I have dropped using them altogether, but only because I haven't been
able to come up with a peer/self evaluation procedure that suites what I
perceive to be the needs.
If peer evaluation is supposed to improve metacognitive skills and add a
measure of accountability to the team and individual efforts, then I
would prefer to implement a way for students to do self AND peer
evaluations that makes them consider the extent to which they achieved
the original goals of the exercise (small scale) or the course (larger
scale). This instead of asking them to rank contributions of peers. If
the team is working well then of course they all contributed.
Assessing our selves and our peers against the goals of the work is
after all what professionals and academics have to do. We (as
professionals) rarely have to "rank" the contributions of our peers.

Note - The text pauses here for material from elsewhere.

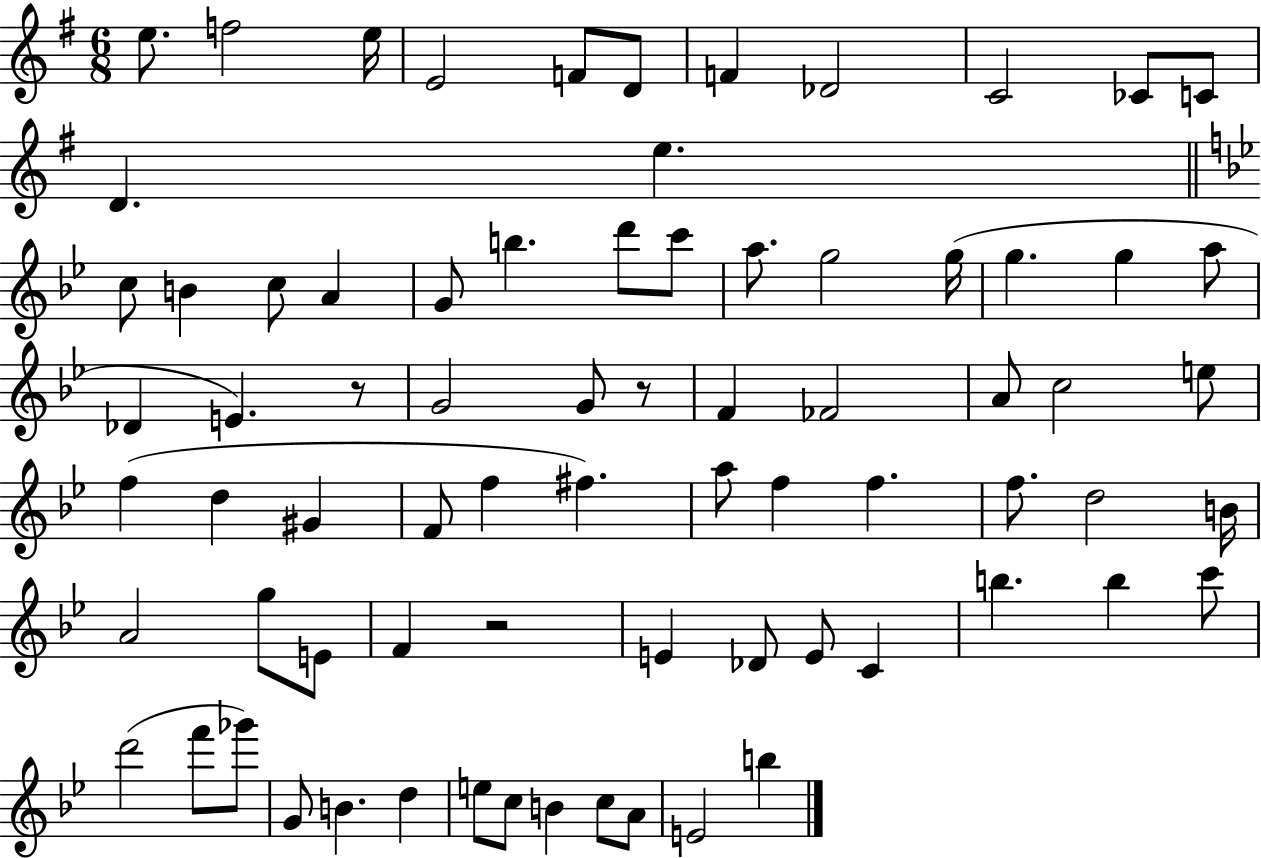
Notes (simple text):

E5/e. F5/h E5/s E4/h F4/e D4/e F4/q Db4/h C4/h CES4/e C4/e D4/q. E5/q. C5/e B4/q C5/e A4/q G4/e B5/q. D6/e C6/e A5/e. G5/h G5/s G5/q. G5/q A5/e Db4/q E4/q. R/e G4/h G4/e R/e F4/q FES4/h A4/e C5/h E5/e F5/q D5/q G#4/q F4/e F5/q F#5/q. A5/e F5/q F5/q. F5/e. D5/h B4/s A4/h G5/e E4/e F4/q R/h E4/q Db4/e E4/e C4/q B5/q. B5/q C6/e D6/h F6/e Gb6/e G4/e B4/q. D5/q E5/e C5/e B4/q C5/e A4/e E4/h B5/q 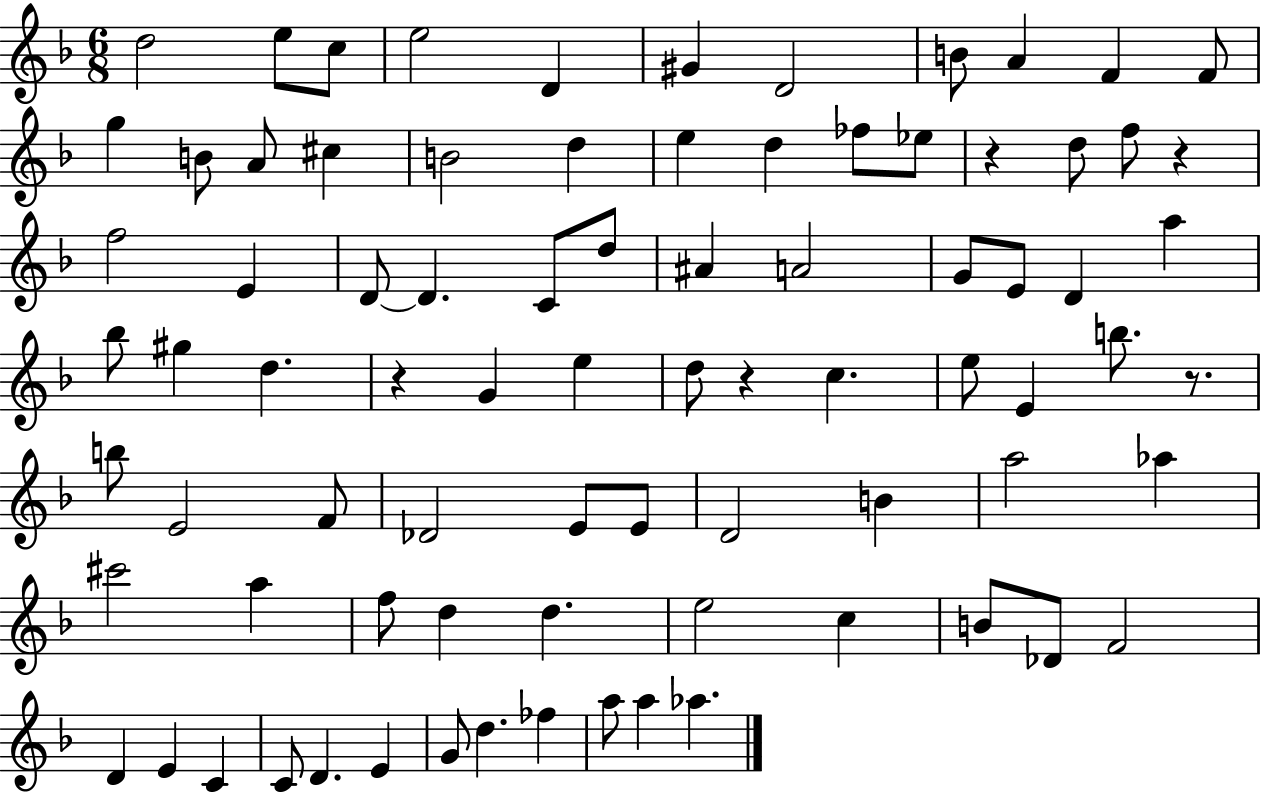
D5/h E5/e C5/e E5/h D4/q G#4/q D4/h B4/e A4/q F4/q F4/e G5/q B4/e A4/e C#5/q B4/h D5/q E5/q D5/q FES5/e Eb5/e R/q D5/e F5/e R/q F5/h E4/q D4/e D4/q. C4/e D5/e A#4/q A4/h G4/e E4/e D4/q A5/q Bb5/e G#5/q D5/q. R/q G4/q E5/q D5/e R/q C5/q. E5/e E4/q B5/e. R/e. B5/e E4/h F4/e Db4/h E4/e E4/e D4/h B4/q A5/h Ab5/q C#6/h A5/q F5/e D5/q D5/q. E5/h C5/q B4/e Db4/e F4/h D4/q E4/q C4/q C4/e D4/q. E4/q G4/e D5/q. FES5/q A5/e A5/q Ab5/q.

Instead we are measuring degree of success, and hopefully acting
appropriately upon the result of those (implicit or explicit) measures.
If I had the time to come up with a rubric that helps students honestly
assess the degree to which they (self) and their peers met the goals of
(a) individuals, (b) the team exercise, and (c) the course, I would feel
I had a good peer and self assessment process. Only then would I
consider using these assessments as part of the grading process,
probably as a multiplier to other team-based components of the grade.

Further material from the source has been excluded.